DistrictBuilder is web-based, open source software for collaborative redistricting.
https://districtbuilder.org
Apache License 2.0
64 stars 8 forks source link

Change serialization to use topobuf #1142

Closed maurizi closed 2 years ago

maurizi commented 2 years ago

Context

Work on the concurrency ADR showed that we can get significant improvements in file size by using a Protobuffer based file format - I used an outdated version of geobuf to do this - we'll be forking that in #1141 as topobuf

Notes

We changed from JSON -> the v8 serialization format in https://github.com/PublicMapping/districtbuilder/pull/1099, which should be able to serve as a template for this PR

AC:

maurizi commented 2 years ago

Well this was an all-around disappointment.

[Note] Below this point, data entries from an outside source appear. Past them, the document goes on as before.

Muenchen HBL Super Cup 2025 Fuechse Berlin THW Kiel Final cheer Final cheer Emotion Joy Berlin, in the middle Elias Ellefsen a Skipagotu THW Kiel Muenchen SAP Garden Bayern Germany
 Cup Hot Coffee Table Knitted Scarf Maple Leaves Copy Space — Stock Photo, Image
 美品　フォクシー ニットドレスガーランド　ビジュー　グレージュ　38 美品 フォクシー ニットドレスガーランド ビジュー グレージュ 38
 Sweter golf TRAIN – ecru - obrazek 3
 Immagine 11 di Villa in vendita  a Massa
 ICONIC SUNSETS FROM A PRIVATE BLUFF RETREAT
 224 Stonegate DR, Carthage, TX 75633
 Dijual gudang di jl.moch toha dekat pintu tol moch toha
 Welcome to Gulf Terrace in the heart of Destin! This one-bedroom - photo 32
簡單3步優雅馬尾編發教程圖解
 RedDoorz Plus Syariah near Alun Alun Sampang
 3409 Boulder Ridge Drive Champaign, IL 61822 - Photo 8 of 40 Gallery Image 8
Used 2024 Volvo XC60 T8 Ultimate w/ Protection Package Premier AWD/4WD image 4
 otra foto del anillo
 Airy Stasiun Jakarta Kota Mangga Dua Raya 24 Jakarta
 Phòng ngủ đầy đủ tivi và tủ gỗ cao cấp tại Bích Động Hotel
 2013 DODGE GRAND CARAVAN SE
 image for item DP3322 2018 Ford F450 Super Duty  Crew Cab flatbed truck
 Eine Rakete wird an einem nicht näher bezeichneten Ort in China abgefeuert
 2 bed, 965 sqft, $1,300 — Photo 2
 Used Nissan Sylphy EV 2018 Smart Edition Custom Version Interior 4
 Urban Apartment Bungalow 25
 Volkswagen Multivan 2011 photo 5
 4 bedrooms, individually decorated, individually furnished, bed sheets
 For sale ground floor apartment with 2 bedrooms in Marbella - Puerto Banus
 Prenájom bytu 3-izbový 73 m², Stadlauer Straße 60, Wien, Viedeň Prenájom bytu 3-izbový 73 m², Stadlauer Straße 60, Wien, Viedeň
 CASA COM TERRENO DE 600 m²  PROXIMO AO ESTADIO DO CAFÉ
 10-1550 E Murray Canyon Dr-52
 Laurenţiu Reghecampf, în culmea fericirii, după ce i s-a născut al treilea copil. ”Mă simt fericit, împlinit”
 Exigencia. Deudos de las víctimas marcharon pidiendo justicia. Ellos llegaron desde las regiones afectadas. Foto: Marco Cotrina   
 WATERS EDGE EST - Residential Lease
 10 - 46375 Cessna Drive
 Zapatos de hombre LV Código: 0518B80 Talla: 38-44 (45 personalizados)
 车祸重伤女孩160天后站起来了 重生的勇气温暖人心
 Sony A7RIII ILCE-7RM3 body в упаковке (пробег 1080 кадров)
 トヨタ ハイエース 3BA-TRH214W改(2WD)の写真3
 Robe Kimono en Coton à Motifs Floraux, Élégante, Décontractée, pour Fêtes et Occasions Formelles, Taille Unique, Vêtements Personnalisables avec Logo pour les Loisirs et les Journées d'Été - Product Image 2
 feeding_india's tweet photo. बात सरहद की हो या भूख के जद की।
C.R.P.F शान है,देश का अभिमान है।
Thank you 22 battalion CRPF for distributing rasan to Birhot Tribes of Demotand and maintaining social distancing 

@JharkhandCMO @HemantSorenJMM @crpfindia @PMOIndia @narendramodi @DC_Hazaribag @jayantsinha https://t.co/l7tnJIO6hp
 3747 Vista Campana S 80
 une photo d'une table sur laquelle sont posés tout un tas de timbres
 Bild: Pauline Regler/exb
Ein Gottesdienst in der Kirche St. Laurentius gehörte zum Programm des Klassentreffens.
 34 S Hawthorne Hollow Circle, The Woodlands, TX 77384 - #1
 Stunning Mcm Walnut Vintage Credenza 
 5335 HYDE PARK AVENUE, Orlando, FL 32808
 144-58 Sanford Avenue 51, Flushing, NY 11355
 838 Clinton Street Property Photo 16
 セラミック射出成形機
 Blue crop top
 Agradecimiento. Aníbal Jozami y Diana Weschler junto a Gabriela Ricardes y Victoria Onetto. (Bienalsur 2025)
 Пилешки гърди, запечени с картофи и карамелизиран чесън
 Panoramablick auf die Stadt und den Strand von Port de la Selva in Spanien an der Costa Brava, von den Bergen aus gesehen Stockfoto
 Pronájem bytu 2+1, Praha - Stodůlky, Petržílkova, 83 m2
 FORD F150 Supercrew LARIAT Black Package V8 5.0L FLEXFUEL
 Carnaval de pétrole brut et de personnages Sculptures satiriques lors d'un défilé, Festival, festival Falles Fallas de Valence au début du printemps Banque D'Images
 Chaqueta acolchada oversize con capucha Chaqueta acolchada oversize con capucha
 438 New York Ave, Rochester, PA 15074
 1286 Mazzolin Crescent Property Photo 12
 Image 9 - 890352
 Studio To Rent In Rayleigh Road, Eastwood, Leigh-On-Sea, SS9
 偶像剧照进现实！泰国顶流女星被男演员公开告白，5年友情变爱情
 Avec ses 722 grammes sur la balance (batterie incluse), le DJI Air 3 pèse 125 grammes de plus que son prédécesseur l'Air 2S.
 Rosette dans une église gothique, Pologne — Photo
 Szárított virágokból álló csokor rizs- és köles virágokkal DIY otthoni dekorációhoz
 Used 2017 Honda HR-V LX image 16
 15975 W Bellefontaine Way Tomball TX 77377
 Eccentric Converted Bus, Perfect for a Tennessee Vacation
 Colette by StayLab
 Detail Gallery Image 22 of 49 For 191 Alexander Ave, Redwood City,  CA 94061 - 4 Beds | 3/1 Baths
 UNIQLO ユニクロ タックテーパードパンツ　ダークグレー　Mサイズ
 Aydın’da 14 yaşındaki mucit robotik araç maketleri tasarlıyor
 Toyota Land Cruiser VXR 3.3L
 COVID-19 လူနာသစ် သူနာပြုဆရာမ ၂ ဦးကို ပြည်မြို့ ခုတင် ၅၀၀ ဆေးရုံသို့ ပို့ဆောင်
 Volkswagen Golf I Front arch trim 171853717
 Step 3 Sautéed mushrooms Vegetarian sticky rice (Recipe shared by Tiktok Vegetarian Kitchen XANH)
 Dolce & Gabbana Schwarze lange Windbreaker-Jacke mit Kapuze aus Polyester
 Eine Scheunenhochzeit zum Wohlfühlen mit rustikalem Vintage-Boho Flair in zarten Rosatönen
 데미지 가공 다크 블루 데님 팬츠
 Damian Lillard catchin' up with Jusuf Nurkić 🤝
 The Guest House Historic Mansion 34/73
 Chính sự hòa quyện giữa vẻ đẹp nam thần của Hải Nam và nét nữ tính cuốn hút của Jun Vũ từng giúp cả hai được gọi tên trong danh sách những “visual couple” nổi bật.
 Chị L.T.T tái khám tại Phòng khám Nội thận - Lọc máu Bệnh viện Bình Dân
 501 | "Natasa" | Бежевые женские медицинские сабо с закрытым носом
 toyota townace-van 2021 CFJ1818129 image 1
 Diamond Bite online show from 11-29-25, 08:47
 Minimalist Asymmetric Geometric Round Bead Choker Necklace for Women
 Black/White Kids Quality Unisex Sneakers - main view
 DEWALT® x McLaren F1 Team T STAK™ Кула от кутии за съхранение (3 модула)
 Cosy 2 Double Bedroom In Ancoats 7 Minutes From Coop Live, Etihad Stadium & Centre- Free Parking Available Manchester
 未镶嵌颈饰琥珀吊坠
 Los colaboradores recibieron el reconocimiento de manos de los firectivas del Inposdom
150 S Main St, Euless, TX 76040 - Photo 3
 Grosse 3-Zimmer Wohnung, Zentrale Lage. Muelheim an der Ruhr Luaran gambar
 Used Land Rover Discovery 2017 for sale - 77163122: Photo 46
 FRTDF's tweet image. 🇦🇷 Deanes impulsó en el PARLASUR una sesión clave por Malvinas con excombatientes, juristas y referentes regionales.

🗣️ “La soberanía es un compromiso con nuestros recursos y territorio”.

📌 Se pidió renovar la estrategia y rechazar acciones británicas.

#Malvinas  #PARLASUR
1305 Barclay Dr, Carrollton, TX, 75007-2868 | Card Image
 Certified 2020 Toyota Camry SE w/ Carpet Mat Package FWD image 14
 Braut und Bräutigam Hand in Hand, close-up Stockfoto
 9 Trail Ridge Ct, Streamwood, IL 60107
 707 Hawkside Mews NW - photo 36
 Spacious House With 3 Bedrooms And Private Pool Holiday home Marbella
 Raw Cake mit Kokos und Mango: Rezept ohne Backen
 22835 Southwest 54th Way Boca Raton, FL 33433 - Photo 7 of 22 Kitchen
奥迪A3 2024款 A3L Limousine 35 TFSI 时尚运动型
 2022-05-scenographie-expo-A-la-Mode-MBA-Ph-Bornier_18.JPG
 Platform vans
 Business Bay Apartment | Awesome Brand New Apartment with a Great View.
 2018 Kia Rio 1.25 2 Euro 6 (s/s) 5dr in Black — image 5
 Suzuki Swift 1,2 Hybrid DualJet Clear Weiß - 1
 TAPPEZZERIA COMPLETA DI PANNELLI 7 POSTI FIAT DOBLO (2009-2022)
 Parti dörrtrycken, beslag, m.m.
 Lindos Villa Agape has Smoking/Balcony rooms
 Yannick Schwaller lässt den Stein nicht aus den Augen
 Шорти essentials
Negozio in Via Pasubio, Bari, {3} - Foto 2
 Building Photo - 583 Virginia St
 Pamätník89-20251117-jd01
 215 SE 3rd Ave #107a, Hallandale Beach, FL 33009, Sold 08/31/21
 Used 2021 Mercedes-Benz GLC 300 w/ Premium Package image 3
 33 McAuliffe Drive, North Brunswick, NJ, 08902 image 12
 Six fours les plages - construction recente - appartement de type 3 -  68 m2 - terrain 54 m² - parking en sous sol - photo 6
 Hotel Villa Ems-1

Testing in staging showed using topobuf instead of v8 deserialization consumes more memory: (left side is using v8, right is using pbf)

image.png

This is probably something we could fix in the topobuf library at the expense of some CPU cycles... but we're slower than v8 deserialization already 😞

topobuf:

districtbuilder-server-1  | cache-miss San Bernadino: 227.267ms
districtbuilder-server-1  | cache-miss Dane County: 634.601ms
districtbuilder-server-1  | cache-miss Delaware: 826.569ms
districtbuilder-server-1  | cache-miss New Jersey: 3.451s
districtbuilder-server-1  | cache-miss Wisconsin: 5.165s
districtbuilder-server-1  | cache-miss Pennsylvania: 14.393s
districtbuilder-server-1  | cache-miss Illinois: 10.048s

v8:

districtbuilder-server-1  | cache-miss San Bernadino: 137.446ms
districtbuilder-server-1  | cache-miss Dane County: 327.031ms
districtbuilder-server-1  | cache-miss Delaware: 597.973ms
districtbuilder-server-1  | cache-miss New Jersey: 3.232s
districtbuilder-server-1  | cache-miss Wisconsin: 5.475s
districtbuilder-server-1  | cache-miss Pennsylvania: 10.225s
districtbuilder-server-1  | cache-miss Illinois: 8.007s

File size is much much smaller with topobuf, but that is about the only thing it has going for us. Probably worth looking into topobuf further for potentially sending TopoJSON to the browser due to the much smaller file size, but ultimately I think we should stick with the current serialization method.